The Kremlin invaded Ukraine on Feb. 24, igniting not only a war but concerns over energy security as Russian is a major exporter of oil and natural gas, especially to Europe.


In response to the war, countries have sought to end their dependency on Russian energy while releasing millions of barrels from their strategic reserves. Moscow, in turn, has also moved to deny or decrease supplies to some countries, all of which have caused prices to climb.

Senate majority whip Dick Durbin, D-Ill., last week called for U.S. foreign policy to end its alliance with the Saudi royal family who has "never been a trustworthy ally of our nation."

In a statement on Thursday, he called the royal family "backstabbers" and their decision to cut oil production as "conspiring with Vladimir Putin to punish the U.S. with higher oil prices."

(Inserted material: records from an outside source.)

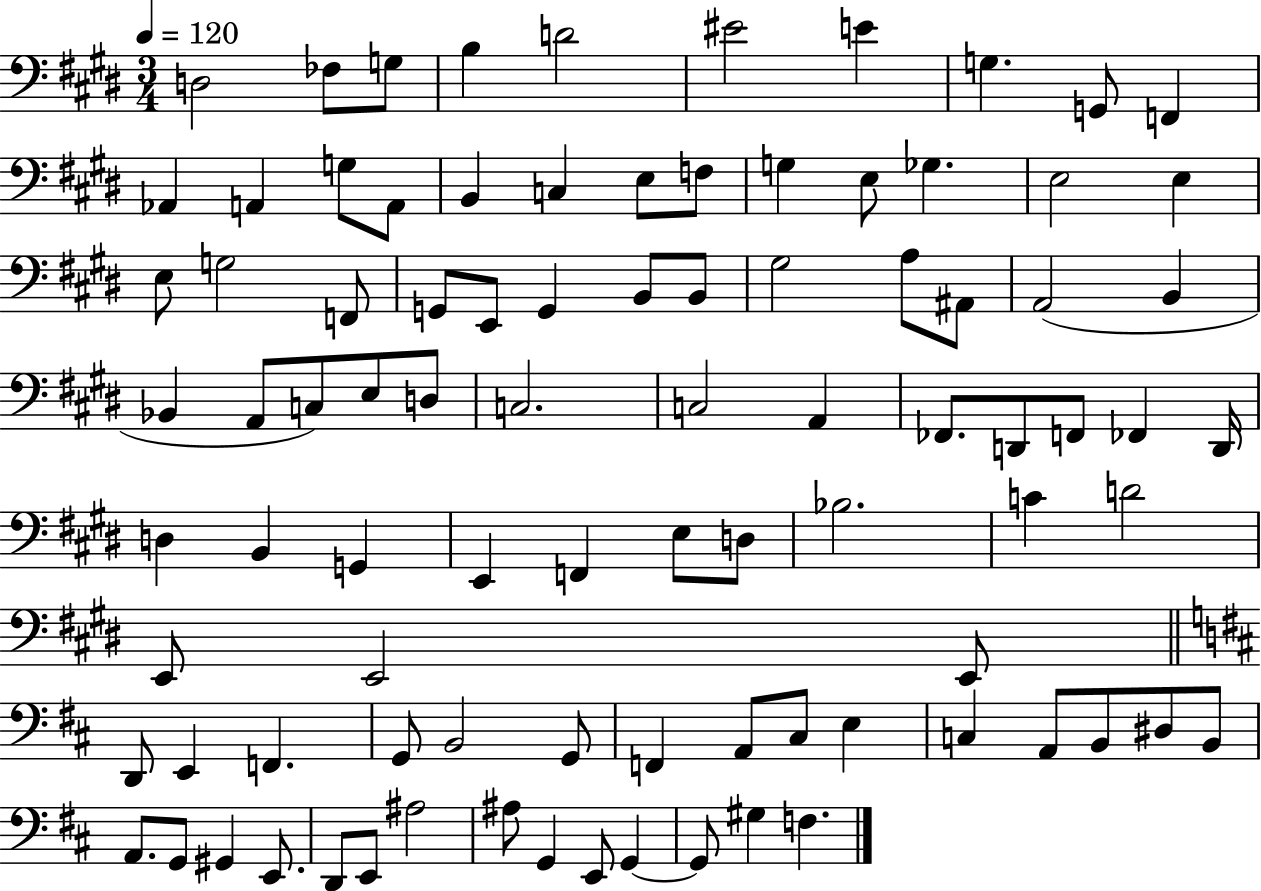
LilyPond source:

{
  \clef bass
  \numericTimeSignature
  \time 3/4
  \key e \major
  \tempo 4 = 120
  d2 fes8 g8 | b4 d'2 | eis'2 e'4 | g4. g,8 f,4 | \break aes,4 a,4 g8 a,8 | b,4 c4 e8 f8 | g4 e8 ges4. | e2 e4 | \break e8 g2 f,8 | g,8 e,8 g,4 b,8 b,8 | gis2 a8 ais,8 | a,2( b,4 | \break bes,4 a,8 c8) e8 d8 | c2. | c2 a,4 | fes,8. d,8 f,8 fes,4 d,16 | \break d4 b,4 g,4 | e,4 f,4 e8 d8 | bes2. | c'4 d'2 | \break e,8 e,2 e,8 | \bar "||" \break \key b \minor d,8 e,4 f,4. | g,8 b,2 g,8 | f,4 a,8 cis8 e4 | c4 a,8 b,8 dis8 b,8 | \break a,8. g,8 gis,4 e,8. | d,8 e,8 ais2 | ais8 g,4 e,8 g,4~~ | g,8 gis4 f4. | \break \bar "|."
}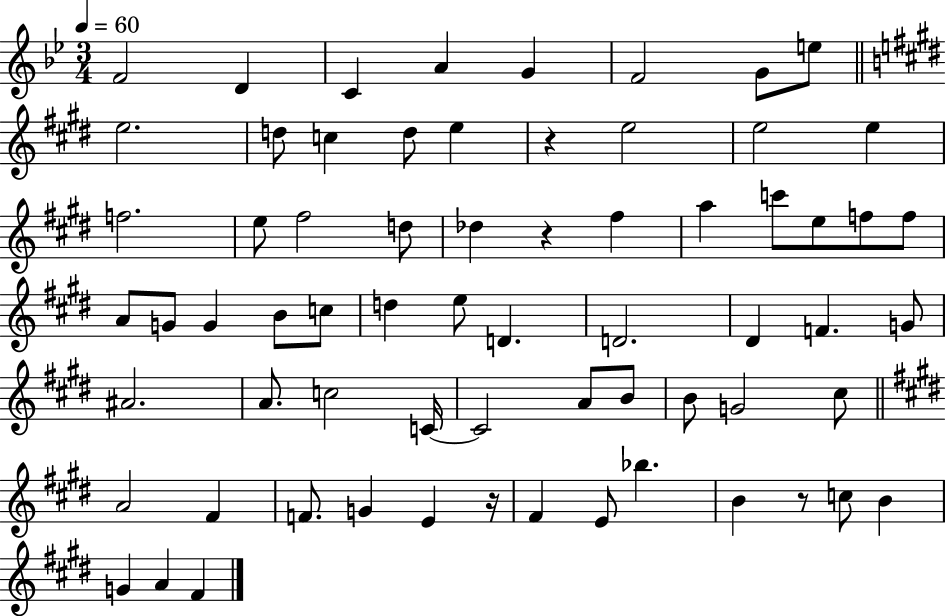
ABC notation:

X:1
T:Untitled
M:3/4
L:1/4
K:Bb
F2 D C A G F2 G/2 e/2 e2 d/2 c d/2 e z e2 e2 e f2 e/2 ^f2 d/2 _d z ^f a c'/2 e/2 f/2 f/2 A/2 G/2 G B/2 c/2 d e/2 D D2 ^D F G/2 ^A2 A/2 c2 C/4 C2 A/2 B/2 B/2 G2 ^c/2 A2 ^F F/2 G E z/4 ^F E/2 _b B z/2 c/2 B G A ^F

Senate majority leader Chuck Schumer said the Democrats will be looking at "all the legislative tools" at their disposal to confront Saudi Arabia's "appalling and deeply cynical action," including introducing the so-called NOPEC Act, which would allow the United States to take action against price fixing by OPEC and its partners.

The act, which would allow the Justice Department to file lawsuits against oil cartel members, passed the Senate judiciary committee in May.

"What Saudi Arabia did to help Putin continue to wage his despicable, vicious war against Ukraine will long be remembered by Americans," Schumer said via Twitter.


Sen. Bernie Sanders, I-Vt., also voiced displeasure at the move last week, calling for all U.S. troops to be pulled from Saudi Arabia.

"If Saudi Arabia, one of the worst violators of human rights in the world, wants to partner with Russia to jack up U.S. gas prices, it can get Putin to defend its monarchy," he said.